Below are the records; return exactly the lines from the one with "Terreno para Venda" through the final line, both included, minus any pictures.

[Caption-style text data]
________________________
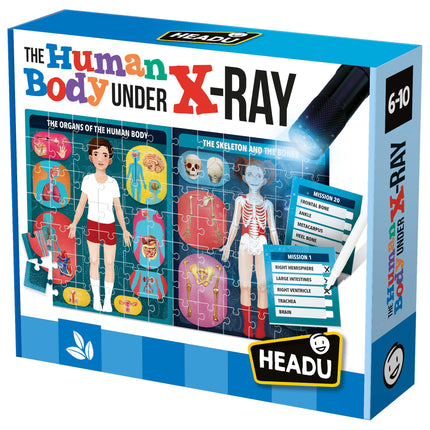 The Human Body Under X-Ray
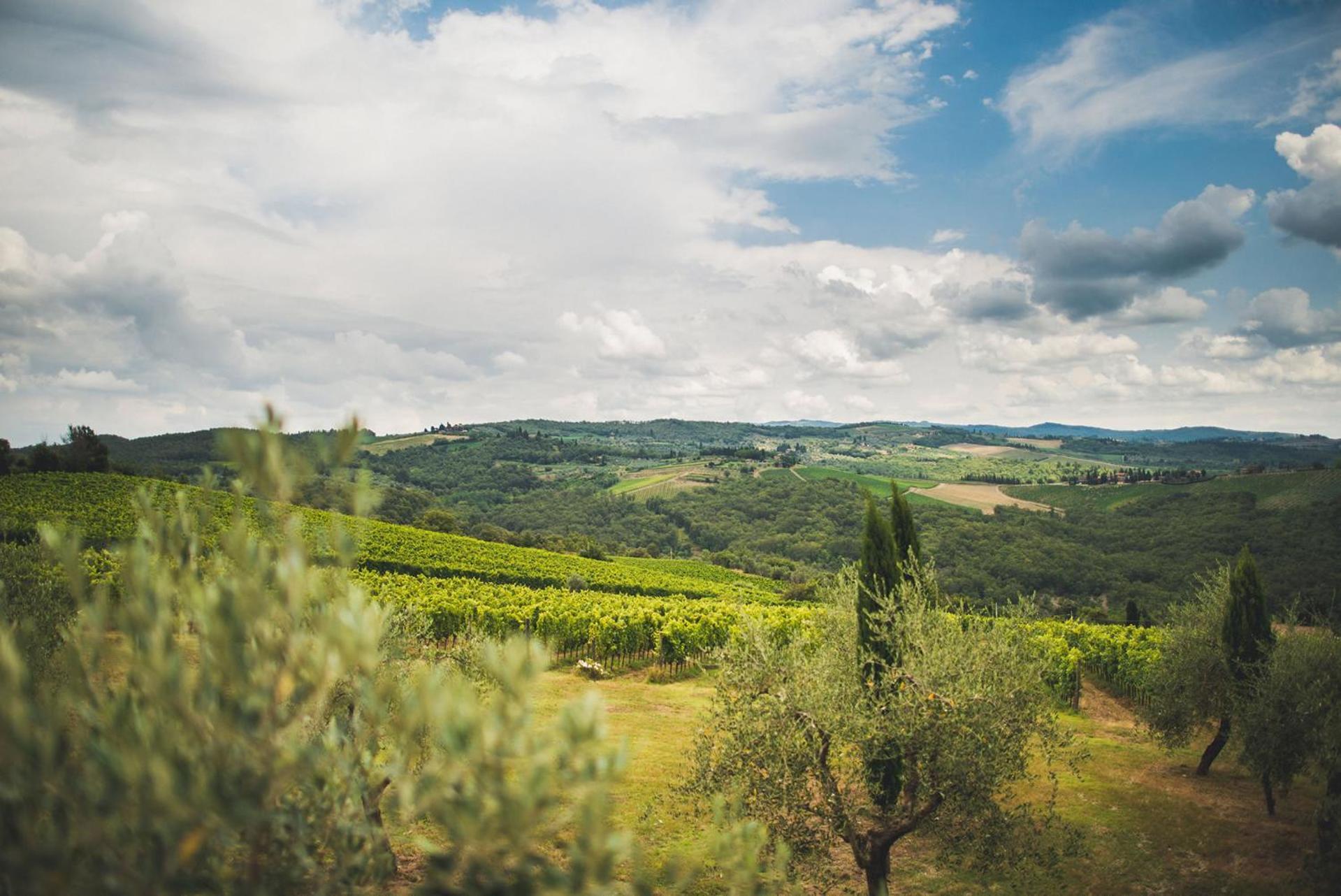 Fattoria Di Rignana Alloggio per agriturismo *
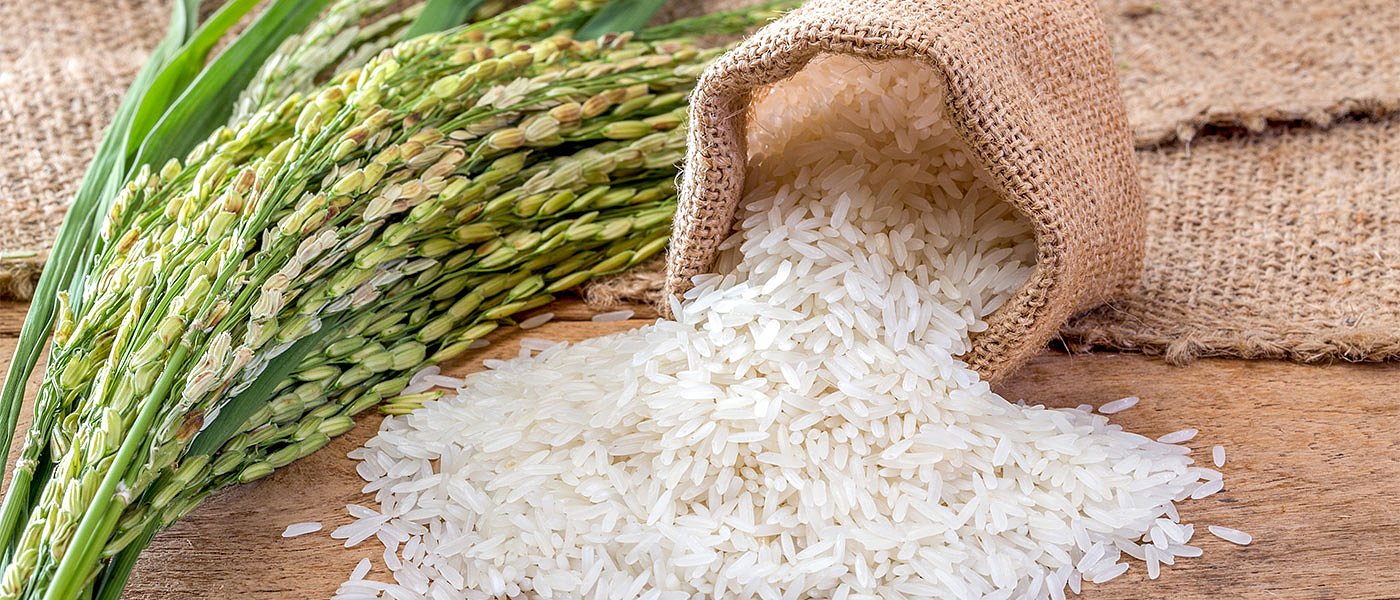 Φρένο στις εισαγωγές ρυζιού από την Καμπότζη ζητούν οι Ιταλοί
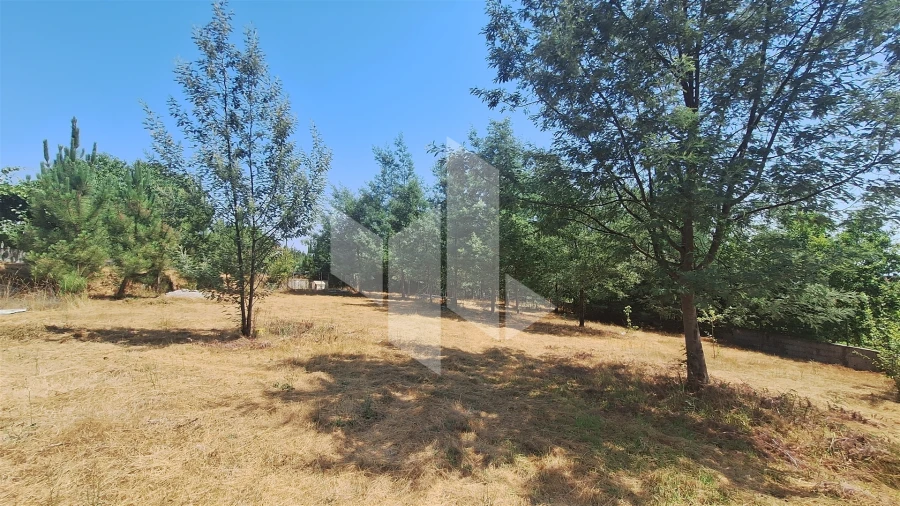 Terreno para Venda em Treixedo e Nagozela Foto 8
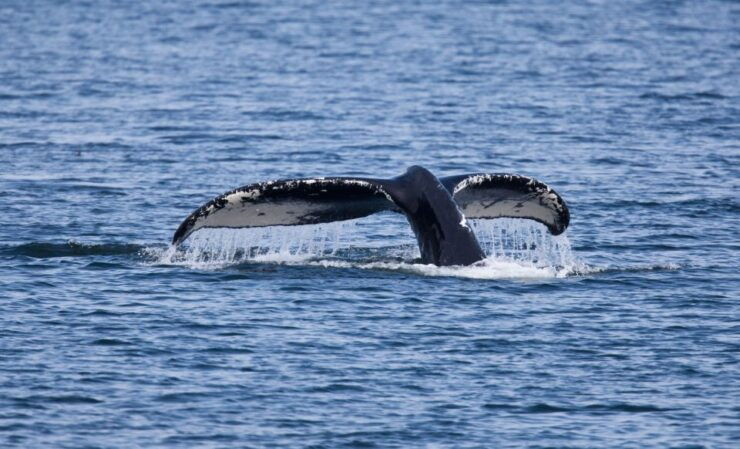Juneau: Whale Watching and Wildlife Cruise With Local Guide - Experience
________________________
— WRITTEN ANSWER —
 Terreno para Venda em Treixedo e Nagozela Foto 8
Juneau: Whale Watching and Wildlife Cruise With Local Guide - Experience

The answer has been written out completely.